[Opening Supplied data section]

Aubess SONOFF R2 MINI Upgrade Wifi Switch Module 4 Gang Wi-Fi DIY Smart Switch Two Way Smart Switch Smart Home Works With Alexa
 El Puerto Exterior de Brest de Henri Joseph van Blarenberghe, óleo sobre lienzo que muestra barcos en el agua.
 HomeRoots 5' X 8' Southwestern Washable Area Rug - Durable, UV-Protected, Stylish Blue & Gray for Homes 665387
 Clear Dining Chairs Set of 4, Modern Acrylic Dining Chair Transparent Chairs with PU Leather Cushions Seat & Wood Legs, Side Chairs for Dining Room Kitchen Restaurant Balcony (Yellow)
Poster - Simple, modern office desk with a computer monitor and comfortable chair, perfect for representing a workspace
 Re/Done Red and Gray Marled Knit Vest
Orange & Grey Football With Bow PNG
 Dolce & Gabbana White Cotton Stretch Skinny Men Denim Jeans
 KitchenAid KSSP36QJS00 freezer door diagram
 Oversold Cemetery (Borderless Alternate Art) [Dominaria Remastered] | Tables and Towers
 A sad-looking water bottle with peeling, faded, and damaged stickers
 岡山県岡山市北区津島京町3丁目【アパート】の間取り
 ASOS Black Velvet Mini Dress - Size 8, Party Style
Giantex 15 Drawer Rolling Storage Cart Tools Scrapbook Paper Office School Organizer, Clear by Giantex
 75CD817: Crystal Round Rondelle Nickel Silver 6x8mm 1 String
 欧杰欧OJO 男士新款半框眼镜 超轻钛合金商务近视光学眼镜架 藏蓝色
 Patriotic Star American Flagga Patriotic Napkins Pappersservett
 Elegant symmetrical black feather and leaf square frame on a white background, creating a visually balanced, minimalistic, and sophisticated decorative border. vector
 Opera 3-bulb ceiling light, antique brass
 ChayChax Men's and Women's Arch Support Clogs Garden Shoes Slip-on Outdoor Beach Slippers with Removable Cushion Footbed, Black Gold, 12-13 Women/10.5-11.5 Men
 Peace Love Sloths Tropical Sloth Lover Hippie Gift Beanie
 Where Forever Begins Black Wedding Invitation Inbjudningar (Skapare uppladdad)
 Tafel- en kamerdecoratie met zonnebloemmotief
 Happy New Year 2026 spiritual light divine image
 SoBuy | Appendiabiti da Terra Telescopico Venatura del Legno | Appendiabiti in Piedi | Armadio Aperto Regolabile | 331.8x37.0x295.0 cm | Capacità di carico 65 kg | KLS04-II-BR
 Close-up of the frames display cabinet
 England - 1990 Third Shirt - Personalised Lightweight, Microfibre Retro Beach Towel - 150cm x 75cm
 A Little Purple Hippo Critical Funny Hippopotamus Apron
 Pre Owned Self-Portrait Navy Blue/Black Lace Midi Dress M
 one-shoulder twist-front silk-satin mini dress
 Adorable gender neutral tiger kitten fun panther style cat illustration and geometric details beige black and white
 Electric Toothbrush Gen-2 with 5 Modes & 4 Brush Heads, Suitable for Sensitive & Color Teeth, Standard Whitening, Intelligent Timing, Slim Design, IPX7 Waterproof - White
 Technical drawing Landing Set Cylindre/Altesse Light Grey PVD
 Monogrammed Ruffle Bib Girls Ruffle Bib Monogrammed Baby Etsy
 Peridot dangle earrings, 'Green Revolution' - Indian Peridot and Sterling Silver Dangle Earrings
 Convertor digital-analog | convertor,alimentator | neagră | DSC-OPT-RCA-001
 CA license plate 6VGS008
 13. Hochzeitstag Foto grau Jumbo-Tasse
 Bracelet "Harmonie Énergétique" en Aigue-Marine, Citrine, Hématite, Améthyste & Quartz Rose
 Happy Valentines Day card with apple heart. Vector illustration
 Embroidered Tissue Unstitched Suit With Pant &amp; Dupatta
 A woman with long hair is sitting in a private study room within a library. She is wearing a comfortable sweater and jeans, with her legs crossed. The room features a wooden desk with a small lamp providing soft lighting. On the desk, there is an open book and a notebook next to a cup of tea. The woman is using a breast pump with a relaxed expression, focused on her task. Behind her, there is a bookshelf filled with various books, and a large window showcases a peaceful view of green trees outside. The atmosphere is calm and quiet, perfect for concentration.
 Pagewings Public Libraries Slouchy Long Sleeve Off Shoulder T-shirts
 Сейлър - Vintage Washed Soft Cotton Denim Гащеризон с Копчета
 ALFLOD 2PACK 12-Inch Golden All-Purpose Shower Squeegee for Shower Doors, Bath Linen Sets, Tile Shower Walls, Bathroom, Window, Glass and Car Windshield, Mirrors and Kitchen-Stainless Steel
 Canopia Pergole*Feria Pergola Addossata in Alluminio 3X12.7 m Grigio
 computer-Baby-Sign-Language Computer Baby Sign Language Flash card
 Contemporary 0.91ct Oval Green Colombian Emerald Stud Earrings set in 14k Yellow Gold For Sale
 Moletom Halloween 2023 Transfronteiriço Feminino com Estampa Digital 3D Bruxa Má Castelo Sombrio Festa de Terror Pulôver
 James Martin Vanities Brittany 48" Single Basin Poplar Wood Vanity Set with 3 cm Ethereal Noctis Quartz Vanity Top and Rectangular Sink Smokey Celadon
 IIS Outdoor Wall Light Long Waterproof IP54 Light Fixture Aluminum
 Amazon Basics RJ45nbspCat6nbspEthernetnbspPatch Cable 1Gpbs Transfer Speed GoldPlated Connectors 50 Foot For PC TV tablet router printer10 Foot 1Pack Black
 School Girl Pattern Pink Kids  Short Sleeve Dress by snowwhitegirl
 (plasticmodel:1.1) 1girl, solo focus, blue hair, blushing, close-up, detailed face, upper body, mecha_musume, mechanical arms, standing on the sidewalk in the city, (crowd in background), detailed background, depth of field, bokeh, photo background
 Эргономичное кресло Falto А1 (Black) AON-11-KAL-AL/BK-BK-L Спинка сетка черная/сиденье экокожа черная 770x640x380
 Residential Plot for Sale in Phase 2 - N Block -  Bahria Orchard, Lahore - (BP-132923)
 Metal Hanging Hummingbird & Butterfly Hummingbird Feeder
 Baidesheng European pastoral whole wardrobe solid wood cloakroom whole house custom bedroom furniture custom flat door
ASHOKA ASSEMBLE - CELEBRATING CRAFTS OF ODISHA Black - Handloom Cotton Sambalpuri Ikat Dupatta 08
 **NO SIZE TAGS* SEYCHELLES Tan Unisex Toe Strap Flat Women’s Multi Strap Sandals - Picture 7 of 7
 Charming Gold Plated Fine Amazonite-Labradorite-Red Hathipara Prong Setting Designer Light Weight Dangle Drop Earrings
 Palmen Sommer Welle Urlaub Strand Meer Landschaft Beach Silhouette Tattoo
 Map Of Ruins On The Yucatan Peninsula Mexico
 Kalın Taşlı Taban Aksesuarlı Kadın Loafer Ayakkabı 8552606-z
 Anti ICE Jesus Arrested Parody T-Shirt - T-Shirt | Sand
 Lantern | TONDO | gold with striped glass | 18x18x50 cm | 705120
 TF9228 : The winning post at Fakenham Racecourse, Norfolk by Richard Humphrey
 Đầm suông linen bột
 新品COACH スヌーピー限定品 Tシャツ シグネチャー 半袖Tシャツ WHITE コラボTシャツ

[Closing Supplied data section]

→ Problem description
Only the lines above starting at the line that holds "Happy New Year" and ending at the line that holds "Améthyste & Quartz Rose" are to be repeated, exactly and in full.

→ Result
 Happy New Year 2026 spiritual light divine image
 SoBuy | Appendiabiti da Terra Telescopico Venatura del Legno | Appendiabiti in Piedi | Armadio Aperto Regolabile | 331.8x37.0x295.0 cm | Capacità di carico 65 kg | KLS04-II-BR
 Close-up of the frames display cabinet
 England - 1990 Third Shirt - Personalised Lightweight, Microfibre Retro Beach Towel - 150cm x 75cm
 A Little Purple Hippo Critical Funny Hippopotamus Apron
 Pre Owned Self-Portrait Navy Blue/Black Lace Midi Dress M
 one-shoulder twist-front silk-satin mini dress
 Adorable gender neutral tiger kitten fun panther style cat illustration and geometric details beige black and white
 Electric Toothbrush Gen-2 with 5 Modes & 4 Brush Heads, Suitable for Sensitive & Color Teeth, Standard Whitening, Intelligent Timing, Slim Design, IPX7 Waterproof - White
 Technical drawing Landing Set Cylindre/Altesse Light Grey PVD
 Monogrammed Ruffle Bib Girls Ruffle Bib Monogrammed Baby Etsy
 Peridot dangle earrings, 'Green Revolution' - Indian Peridot and Sterling Silver Dangle Earrings
 Convertor digital-analog | convertor,alimentator | neagră | DSC-OPT-RCA-001
 CA license plate 6VGS008
 13. Hochzeitstag Foto grau Jumbo-Tasse
 Bracelet "Harmonie Énergétique" en Aigue-Marine, Citrine, Hématite, Améthyste & Quartz Rose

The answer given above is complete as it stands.